JPR: I directed him a lot, but in a very non-psychological way. It’s about the gestures, the way of looking at something, the positioning in the frame. It’s all very directed, but at the same time there is no theory. He is very natural as an actor. When I started the editing process I realized something I hadn’t realized during shooting, because I’d just been looking at the rushes with no sound and they were still not synchronized: I hadn’t realized how much I spoke to him during the takes. I imagine that for him it was a bit annoying sometimes [laughs]. Because I was always saying, “Look there, look there! Now lower!” There is always a period during shooting when you get to know your actors. It’s something that develops, then it’s almost as if they get what you want faster.

MM: You mentioned that the idea of you replacing Paul was not your original intention, but the idea of transformation is very present in this film, and in all of your films, for that matter. What’s behind your interest in transformation? 

JPR: I think for a character to be interesting, it has to evolve. That idea has been around since the Greeks. It has to become something, it has to change. Perhaps this is also connected with the desire to be someone else. Even if my films are not autobiographical, they are personal, and so I always think that I am all my characters. In this film that’s very clear because in the end I replace him on screen. I wanted to see if that would work, replacing one actor with another.
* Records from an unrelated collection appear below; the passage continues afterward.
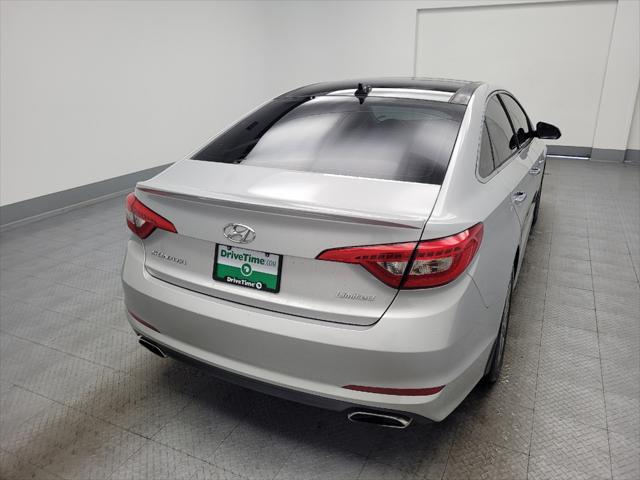 used 2016 Hyundai Sonata car, priced at $15,495
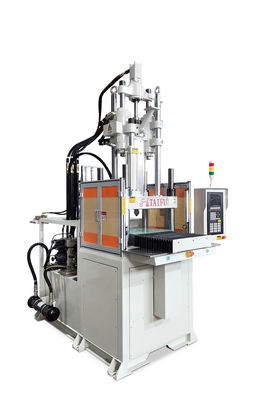 Máy đúc phun thẳng đứng 85 tấn với một slide cho vỏ điện thoại di động
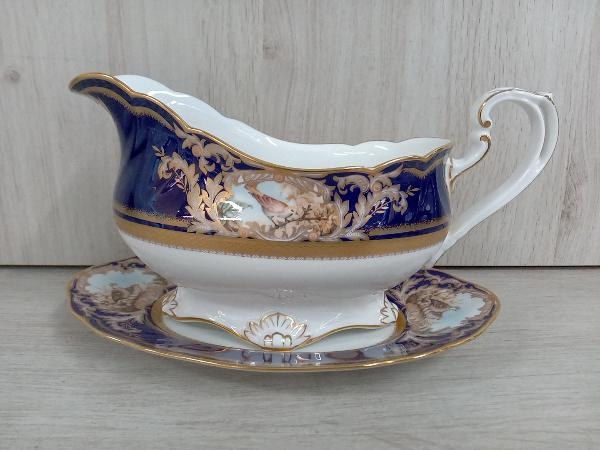 Noritake ノリタケ フォックスボロ スープポット カレーポット FOXBORO JAPAN 食器 箱無し_画像1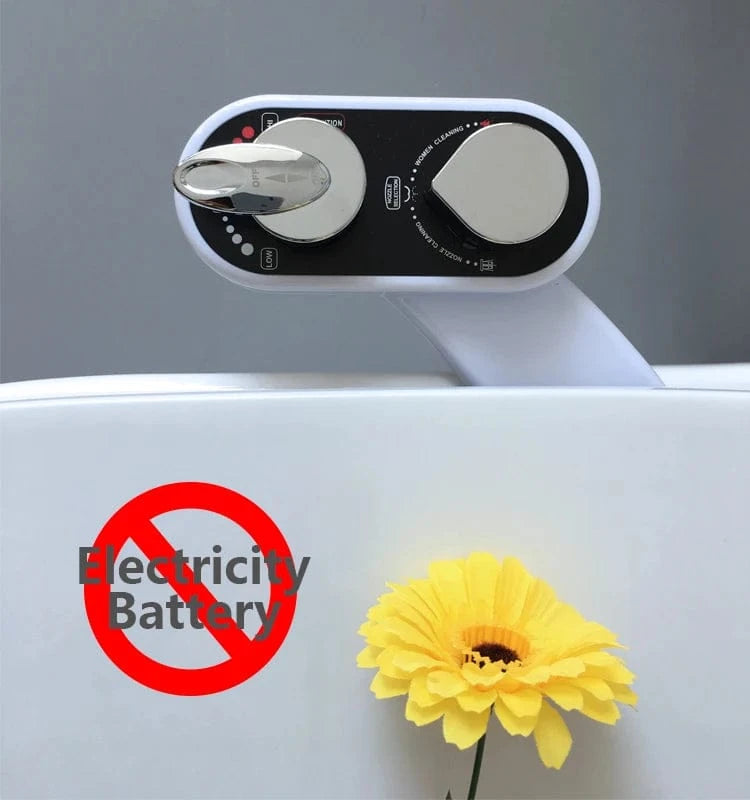 Mitigeo Lunettes WC Japonais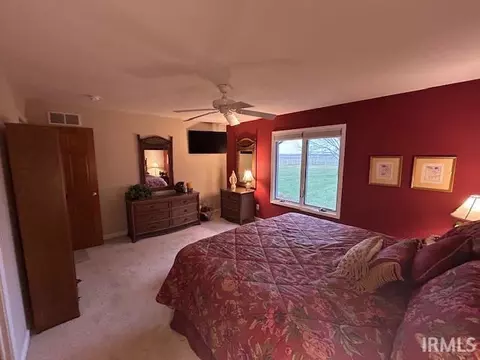 Bedroom - 12840 N 775 E Rd, Syracuse, IN 46567 photo 4 of 5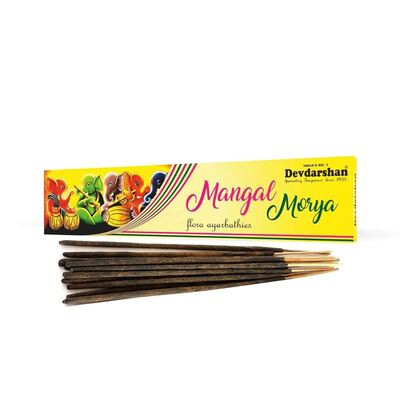 DEVDARSHAN MANGAL MORYA AGARBATHIES 20G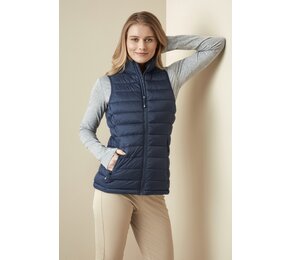 stedman  lux padded vest women  STE5530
MM: There is also an element of transformation in the way characters communicate in multiple languages. 

JPR: There is this legend that St. Anthony understood every language and when he spoke he was understood by everyone. The idea came from there. Also, I wanted to get inspiration or take elements from different mythologies, so I had this idea that, for instance, this huntresses in the end, as they come more or less from Ovid’s Metamorphoses, they could still speak Latin, as in Ovid’s text. The film slowly loses reality and approaches fable. In the end I could permit myself to do things like this: these bare-breasted women speaking Latin and him understanding what they say. These animals that are no longer alive, but are the forests’ ghosts. It’s approaching an unreality that at the same time is real.

MM: You also decided to use an almost extinct language, Mirandese. What is its significance in Portugal and in your film? 

JPR: In Portugal there are two languages, Portuguese and Mirandese. Mirandese is really a language with its own rules, a language that—going back to what I was saying about the regime we had—was forbidden. It’s a language that has its roots in the languages that were spoken in the kingdoms that existed before Portugal and Spain existed. It was forbidden, because, as a good dictator, [longtime Portuguese prime minister and dictator António de Oliveira] Salazar just wanted one language throughout Portugal. Mirandese was forbidden but it survived in the small villages that were very remote at the time. It survived because it was spoken by older people. The place where I shot the film was really where Mirandese is spoken, so I was also inspired by these popular local mythologies. The party where the masked guys are dancing is also part of the mythology of that region.

MM: The film portraits St. Anthony as a sexual being, which might be troubling for those who’d prefer not to see religious figures in an erotic light. Why did you decide to approach his humanity this way? 

JPR: It’s just the way I see these characters. These are the characters that I know, and that exist in me, in the sense that I invent them. Religious painting is often very erotic. This idea of ecstasy and the way it’s represented is often very erotic. Religious writings about the enlightenment, and other mystic writings, are often very carnal. There is always this confusion between sacred and profane. That has always been there. I’m just working on something that was already there and trying to make it my own.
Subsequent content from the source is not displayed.